Revue Unir les communistes nr 3
« le PCF devrait se réapproprier son héritage fondamental » Laurent Santoire (Alstom) :

, par  Laurent Santoire , popularité : 3%

Suite de la publication des entretiens avec des militants d’entreprises commencés dans le numéro 3 de la revue Unir les Communistes..

Laurent Santoire est délégué du personnel chez Alstom. Dans cet entretien à cœur ouvert, il nous confie ses analyses et ses espoirs.

Le projet du numéro est d’abord et surtout de
rassembler des témoignages et des réflexions de syndicalistes en lutte. Mais il s’agit aussi de refléter la réalité du monde du travail, y compris là où la combativité manque.

C’est ce que je pensais. Je craignais le travers de ne prendre que des boîtes en lutte. Je me serais dit : « Moi, je ne suis pas dans une boîte en lutte, ça ne vaut pas le coût ». 90% des boîtes ne sont pas en lutte, dans des contextes où elles devraient l’être. Ce qu’on peut interroger, c’est la situation politique : l’articulation entre le monde du travail et les perspectives politiques, et la réaction des salariés face à la situation politique.

Ce questionnement convient bien à une entreprise comme Alstom. Nous sommes en plein démantèlement d’une entreprise qualifiée (le vocabulaire est souvent dithyrambique), d’un fleuron de l’industrie nationale, liée au TGV ou encore au programme nucléaire français. L’enjeu politique est essentiel. En même temps, nous sommes des salariés, qui sommes là pour toucher un salaire et faire carrière, pour résumer la vision de certains collègues, et qui se disent : « Alstom est un employeur comme un autre. L’important, c’est de gagner sa vie et d’y trouver son compte ».

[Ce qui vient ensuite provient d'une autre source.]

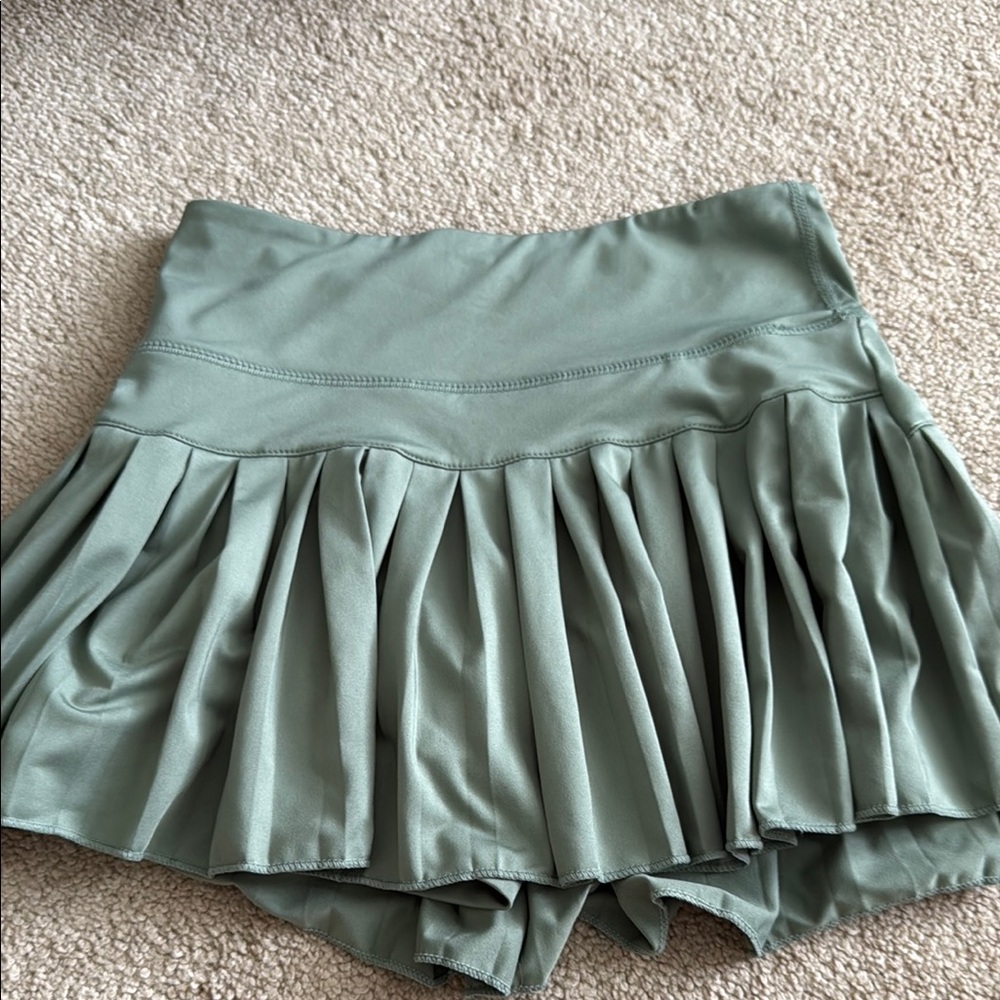 Green Mini Pleated Skirt with Flowy Design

Peux-tu me parler de toi, de ton parcours professionnel puis syndical ?

Paradoxalement, mon parcours a commencé syndicalement avant de commencer professionnellement. Quand j’étudiais l’électronique et l’informatique, j’ai pris des responsabilités importantes, puisque j’ai été président du syndicat UNEF de la fac d’Orsay. Cela s’est fait un peu par hasard. Comme j’étais déjà communiste, j’avais ma carte à l’UNEF. Mon engagement syndical n’allait pas plus loin : le syndicalisme ne m’attirait guère. Dans l’association où j’étais, il y a eu un suicide, au moment où se tenait un Congrès de l’UNEF. J’avais besoin de changer d’air, quand mes camarades m’ont proposé d’aller au Congrès. Je me suis donc retrouvé dans une ambiance de Congrès, ce qui m’a permis d’approfondir ma réflexion. Quelques semaines après, le responsable du syndicat est parti. Il a fallu se partager les responsabilités. Quand j’ai vu que personne ne voulait prendre la relève, j’ai dit : « Ce n’est pas possible ». On m’a répondu : « Puisque c’est toi qui as parlé, c’est toi qui prends la relève ». Mon implication a été rapide : dans les actes de gestion, comme élu à la fac, mais aussi dans les actes de lutte, puisque c’était l’époque de la loi Devaquet, qui devait rendre les études payantes. La fac d’Orsay, scientifique, est très bosseuse, et a un recrutement plutôt aisé : le militantisme, à l’époque, consistait à distribuer des tracts et à les retrouver chiffonnés à la sortie de la cantine. De plus, en 1986, les facs ne sont déjà plus des foyers d’agitation : le Nouvel Obs avait qualifié les jeunes d’alors de « Bof génération ». La loi Devaquet a provoqué une prise de conscience : avec l’approche des examens, je pensais ne pas m’impliquer énormément dans la grève, mais je me suis retrouvé parmi un millier d’étudiants votant la grève à l’unanimité, dans un grand mouvement d’enthousiasme. J’ai été désigné comme délégué à la coordination nationale. On est passé de la « Bof génération » à un vrai mouvement politique (avec des AG et des facs paralysées durant plusieurs semaines), un mouvement très dur, puisqu’il y a eu un décès, celui de Malik Oussekine, blessé par les CRS. Ce mouvement a provoqué des prises de conscience politique et pourtant il n’a pas perduré : tout est retombé dans le train train habituel et les syndicats ont à nouveau été désertés.
Mon parcours professionnel commence après par une ou deux boîtes de services en informatique. En 1991, pendant la première Guerre du Golfe, ma boîte me propose d’aller bosser à Vélizy pour faire des missiles. Je n’avais pas envie de faire ça. Je voulais un métier qui m’intéresse, dans une entreprise de service public, avec un syndicat. Je suis donc entré dans une entreprise liée au modèle français : Cegelec, une boîte travaillant avec Alstom. A l’époque, il y avait un syndicat encore largement constitué d’ouvriers et surtout de dessinateurs industriels, mais aminci, à cause de l’externalisation, et déjà entré dans la phase actuelle du syndicalisme de représentation, par opposition à un syndicalisme de masses.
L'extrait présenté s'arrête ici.